— Instructions for the task —
For each entry, output its words exactly and leave any picture behind.

— Material to process —
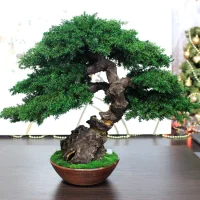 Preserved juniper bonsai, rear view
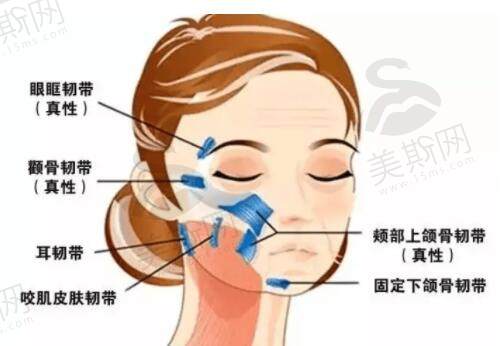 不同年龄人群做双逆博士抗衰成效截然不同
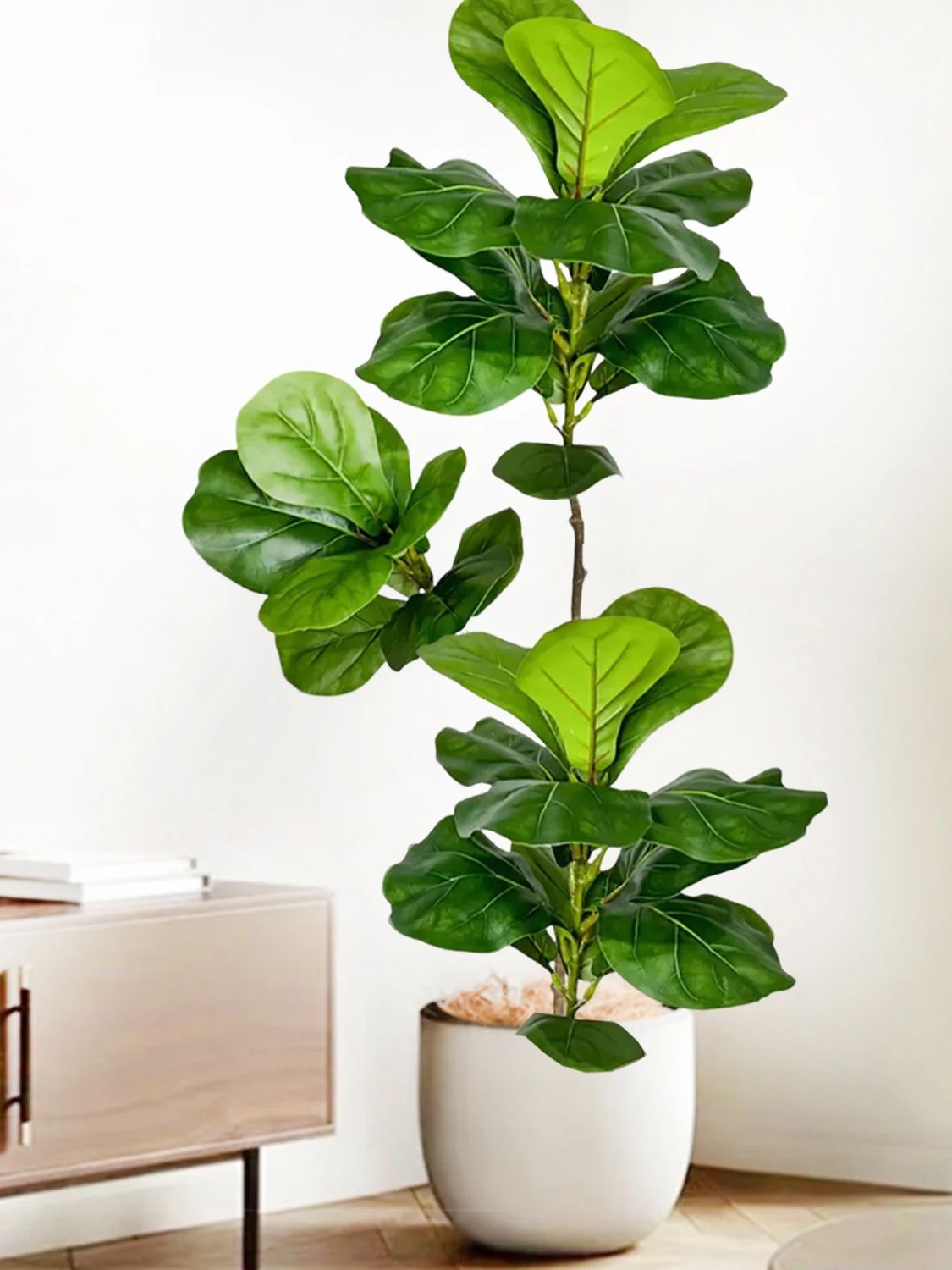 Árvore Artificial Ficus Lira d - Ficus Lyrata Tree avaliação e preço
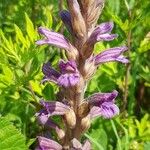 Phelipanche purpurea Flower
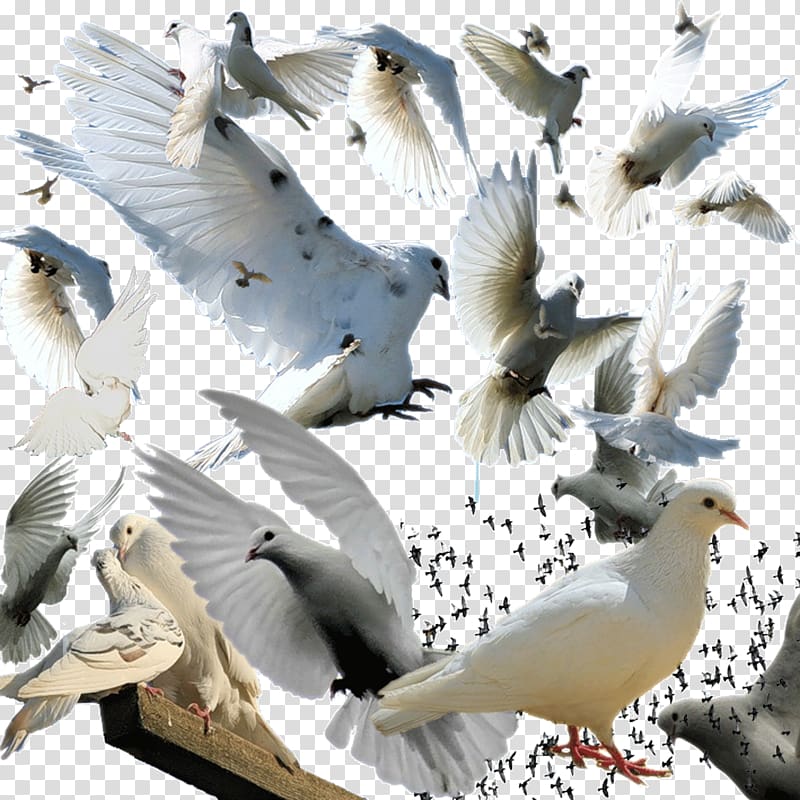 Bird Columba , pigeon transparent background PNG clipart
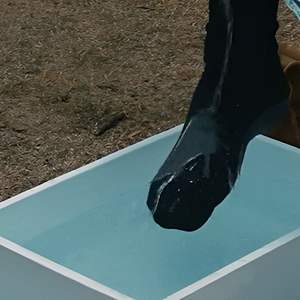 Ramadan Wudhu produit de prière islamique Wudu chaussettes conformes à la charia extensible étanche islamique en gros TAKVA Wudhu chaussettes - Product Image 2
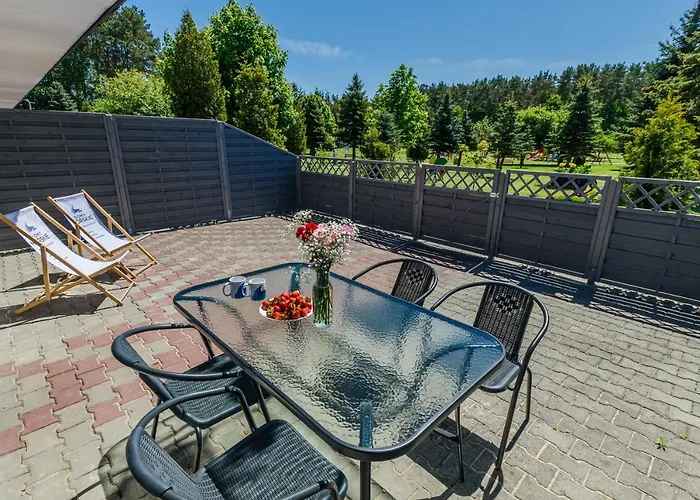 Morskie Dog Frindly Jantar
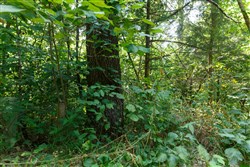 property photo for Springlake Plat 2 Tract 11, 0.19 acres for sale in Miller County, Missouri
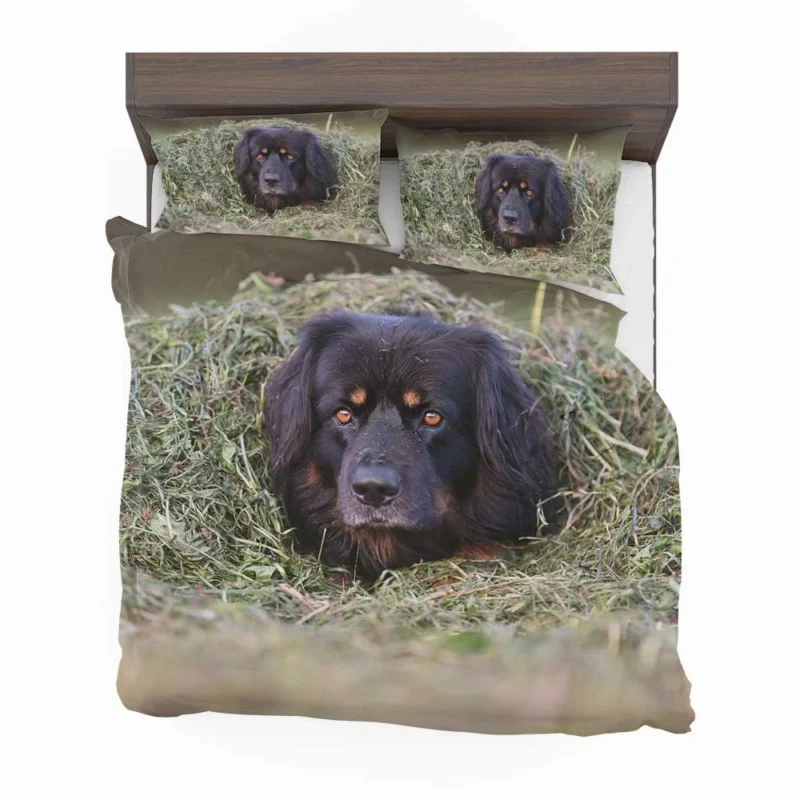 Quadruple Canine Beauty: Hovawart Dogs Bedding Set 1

— Exercise result —
 Preserved juniper bonsai, rear view
 不同年龄人群做双逆博士抗衰成效截然不同
 Árvore Artificial Ficus Lira d - Ficus Lyrata Tree avaliação e preço
 Phelipanche purpurea Flower
 Bird Columba , pigeon transparent background PNG clipart
 Ramadan Wudhu produit de prière islamique Wudu chaussettes conformes à la charia extensible étanche islamique en gros TAKVA Wudhu chaussettes - Product Image 2
 Morskie Dog Frindly Jantar
 property photo for Springlake Plat 2 Tract 11, 0.19 acres for sale in Miller County, Missouri
 Quadruple Canine Beauty: Hovawart Dogs Bedding Set 1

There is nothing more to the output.